(Beginning of Extracted entries)
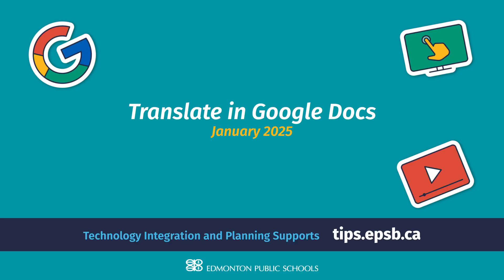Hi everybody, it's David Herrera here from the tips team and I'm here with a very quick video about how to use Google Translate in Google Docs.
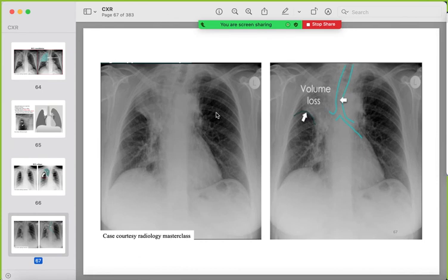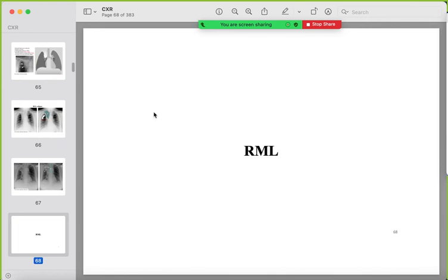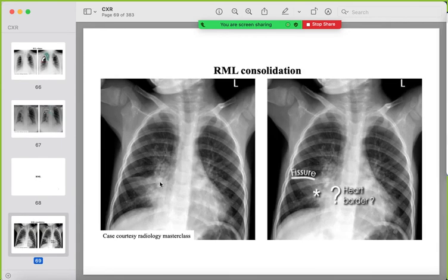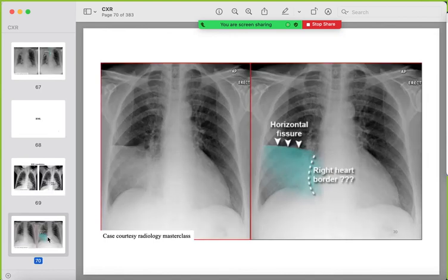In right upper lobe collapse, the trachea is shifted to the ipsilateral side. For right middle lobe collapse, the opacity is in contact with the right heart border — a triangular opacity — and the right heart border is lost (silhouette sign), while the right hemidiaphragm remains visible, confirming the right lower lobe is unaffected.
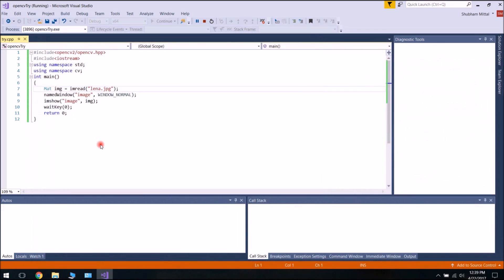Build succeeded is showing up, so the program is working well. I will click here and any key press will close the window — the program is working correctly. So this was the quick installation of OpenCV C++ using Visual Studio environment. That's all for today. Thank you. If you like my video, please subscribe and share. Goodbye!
(End of Extracted entries)
(Beginning of Extracted entries)
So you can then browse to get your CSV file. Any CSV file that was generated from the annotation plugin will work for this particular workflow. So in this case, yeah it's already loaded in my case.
(End of Extracted entries)
- _Work to complete_
The reply should hold the entries above from the line with "Hi everybody, it's" to the line with "Build succeeded is", duplicated exactly, pictures excluded.

- _Expected output_
Hi everybody, it's David Herrera here from the tips team and I'm here with a very quick video about how to use Google Translate in Google Docs.
In right upper lobe collapse, the trachea is shifted to the ipsilateral side. For right middle lobe collapse, the opacity is in contact with the right heart border — a triangular opacity — and the right heart border is lost (silhouette sign), while the right hemidiaphragm remains visible, confirming the right lower lobe is unaffected.
Build succeeded is showing up, so the program is working well. I will click here and any key press will close the window — the program is working correctly. So this was the quick installation of OpenCV C++ using Visual Studio environment. That's all for today. Thank you. If you like my video, please subscribe and share. Goodbye!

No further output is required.